密教はインドの僧、龍猛(別名龍樹)によって伝法され、密教の形となって中国に伝えられました。その後、中国の僧、恵果がこれを弘法大師空海に伝授されたのです。
それは延暦二十四年(西暦八百五年)のことで、空海は真言宗第八祖の正嫡として、遍照金剛の号を得るに至りました。
真言密教の基本的な特長は、目的に向かって自らが行動を起こして実践し、二度とない人生を有意義に生き、この世での幸せを得ることにあります。
真言密教の教理は、人間の宇宙観、人生観の至極を窮めていて、生きがいのある人生を生き抜くための大切な要を説いています。だから、それを自分のものとして、生活の中に生かせば、無限の喜びと幸福が湧いて尽きることがありません。
たとえば、眼の前で、子供が転び、泣いているとします。それを見て、手を差し伸べ、子供の腕を取り、『立ちなさい』と叱咤するのは、密教ではありません。密教は、自分も子供と同じように転び、泣いているその子供と視点を同じくし、にっこりと微笑みかけ、『さあ、一緒に立って遊ぼうよ』と誘う。これが密教のスタンスです。決して上から物を言うのではなく、共に歩んでゆく。だから、密教は、一部の出家者だけのものではなく、それを求めるすべての人達のものだといえます。
密教は、求道者自らが仏となり、光源となるのを目的としています。ここにいう求道者とは、何も出家者に限ったことではなく、在家でも、その心さえあれば、すぐに実践できます。むしろ、密教は、俗世で生きるためにある教えだといっていいのです。まずは、煩悩のままに生きることを慎む。かといって極端な禁忌や苦行は、必ずしも良いとはいえません。つまりは、要するに、欲望を適度に節制し、心身を清らかに保ちながら、自省し、他人を傷つけることをせず、常に自分を含めたすべての人が快適に暮らせることを念頭に置いて生きること、それが求道者のあるべき姿勢であり、即身成仏(この身体をもって仏の境地となること)への道なのです。

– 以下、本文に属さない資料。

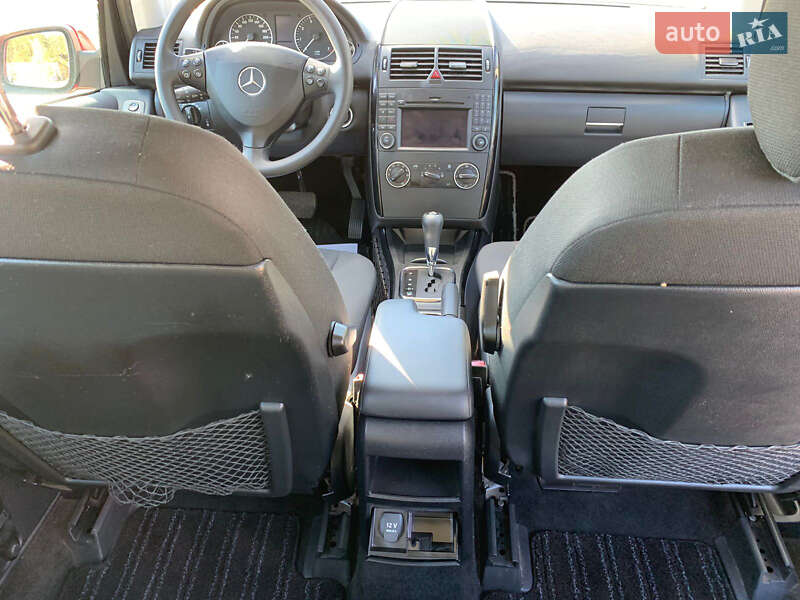 Хэтчбек Mercedes-Benz A-Class 2010 в Киеве фото 24 Хэтчбек Mercedes-Benz A-Class 2010 в Киеве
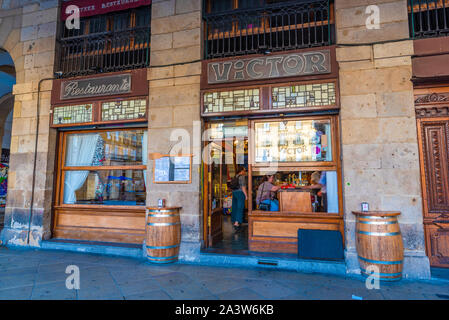 16/09-19, Bilbao, Spanien. Die Außenseite des Restaurant Victor auf der Plaza Nueva. Stockfoto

大切なことは、『今、いかにして、生きるか』であり、今が苦しいのならば、今、救われなければいけない。この世で救われなくて、あの世で救われる筈がない。なぜなら、未来は現在の延長にあるのだから。あの世は、この世の先にあるのです。
人間は、現在を生きています。もしも、現在、過ちを犯しているのなら、今それを悔い改めて、未来へと想いを繋いでいかなければなりません。現在の自分に眼を瞑って、悔いるだけでは、未来はありません。改めるべきところは改め、反省することが大事です。その反省から、すべてはもう一度始まり、人間は学んでいくことができます。後悔するだけで止まってはいけないのです。道は先へと続いています。
すべては今、この瞬間の中に在る。
大宇宙の波動を感じ、溶け合い、大日如来の心を覚ること、それが真言密教の本髄といえます。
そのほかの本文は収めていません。